NBC Universal’s Oxygen Media recently conducted a survey asking 1,605 young women well versed and deeply immersed in social media about their habits with Facebook, Twitter and other such services. Of the women surveyed, 34 percent stated that they check Facebook literally first thing in the morning, before going to brush their teeth. Nearly 40 percent of those surveyed self-identify as “Facebook addicts” (whatever that means). And many seem to have a constant need to be connected, with 26 percent stating they’ve woken up in the middle of the night to respond to texts and 37 percent stating that they’ve fallen asleep with a PDA in their hands.
The study showed a split between those who understand the possible negative implications associated with a complete disclosure using social media and those that did not. For example, 43 percent say they have no problem posting photos of their drunken selves on the site, while 32 percent have no issue posting photos of themselves or their friends making lewd and obscene gestures. Fifty-eight percent of those polled use Facebook to track their ‘frenemies’ (people they are ‘friends’ with on the site but do not like in real life) and 50 percent are happy being Facebook ‘friends’ with complete strangers.
On the other hand, a larger portion understood the possible issues. Of those users surveyed, 54 percent don’t put private information on Facebook, 72 percent affirm that once you post it on Facebook, its public forever, and 89 percent say that you shouldn’t put anything you don’t want your parents to see on Facebook.
Before all the angry rebuttals start, let me say that I find that the term “addicted” is often thrown around too loosely in the media to sensationalize reports and in my experience may be considered a badge of courage for many young adults regardless of how accurate the term represents their actual behavior. Also, I am not sure why young women are singled out in this and not young men. I’m sure there are reports that can point to web sites that young men are “addicted” to visiting.
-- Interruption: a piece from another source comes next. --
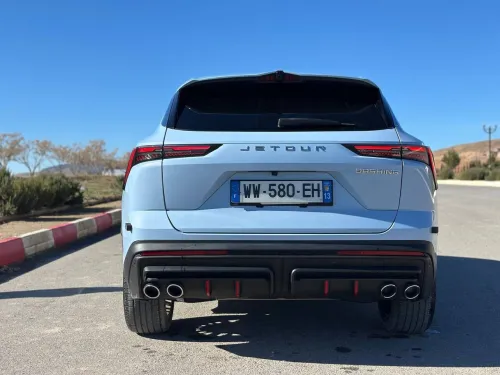 Jetour Dashing 2025 Luxury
Clearly this report is concerning on many levels. Anyone who has a teenager will mostly likely relate to the addictive potential of texting and social media. I still get angry when my teenage son texts while I am talking to him during dinner. But regardless of how upsetting this is to read, the more important questions are: have you seen evidence that supports this, do you agree that this is a problem and have you found ways to reduce the possible negative implications?